Former Parliamentarian Laid to rest
by Katherine Renton
“To the people of St Vincent and the Grenadines, and especially the people of West Kingstown, my father loved you.”
There was nothing said within the walls of the St George’s Cathedral last Friday, at the funeral service for former parliamentary representative Alexander John Clark Horne, that was more emphatic or full of emotion than this statement made by his second daughter, Oneka Horne-Tolentino.
She and her sisters, Zhinga Horne-Edwards and Kande Horne-Kara, delivered their father’s eulogy to the packed church and, via screens, to the crowds outside as well.
Horne had been accorded an official funeral: the flag of St Vincent and the Grenadines was draped over his casket, viewing of his body took place at the House of Assembly; he lay at the New Democratic Party (NDP) headquarters; all flags were flown at half mast; and he was lowered to his final resting place after a gun salute.
However, his funeral could also be said to be a State funeral in the sense that, much of the State seemed to be present. There was such a crowd at the St George’s Cathedral, which had temporarily been restored to its full glory for the occasion, that vendors moved to line up outside of the church gates.
There was a sizeable throng even at the public viewing at the House of Assembly, and the stream was constant. The police officers would only let a certain number of people upstairs at a time, and in the busyness, the voices of the people downstairs managed to travel all the way upstairs. Therefore, the dead silence and grief which filled the room where Horne lay was somewhat interrupted by the chatter and eagerness downstairs.

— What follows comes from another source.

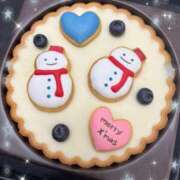 ヒメ日記 2025/12/19 20:15 投稿 みらい チェリー新宿店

John Horne the father, the constituency representative, the singer, the actor, the athlete, the mas man, the friend were all remembered throughout the day, and in the tributes and eulogy at the funeral service.
His daughters spoke about sharing their father with the constituents of West Kingstown, and how their father treated the constituents just the same as his family.
Oneka remembered that every day would hold 6 am phone calls for her father, which he would always answer.
At first it was not Horne’s choice to enter politics, she informed, but it was the people of West Kingstown who petitioned for his candidacy.
“And with that single event you entered that boy from the bay side’s heart, and you never left. To the people of St Vincent and the Grenadines, and especially the people of West Kingstown, my father loved you. After he had you, he had a new purpose, a new mission, a new direction, a new passion. He was absolutely devoted to you,” she declared.
She had learned that there were many whose one call to her father changed their lives completely, she said.
Kande, the fourth daughter also referred to her father’s passion for the people in his constituency.
“How blessed are you to have been a constituent of West Kingstown between 1984 and 2001?,” she asked, continuing that they, “had a representative who truly cared about your individual and collective needs.”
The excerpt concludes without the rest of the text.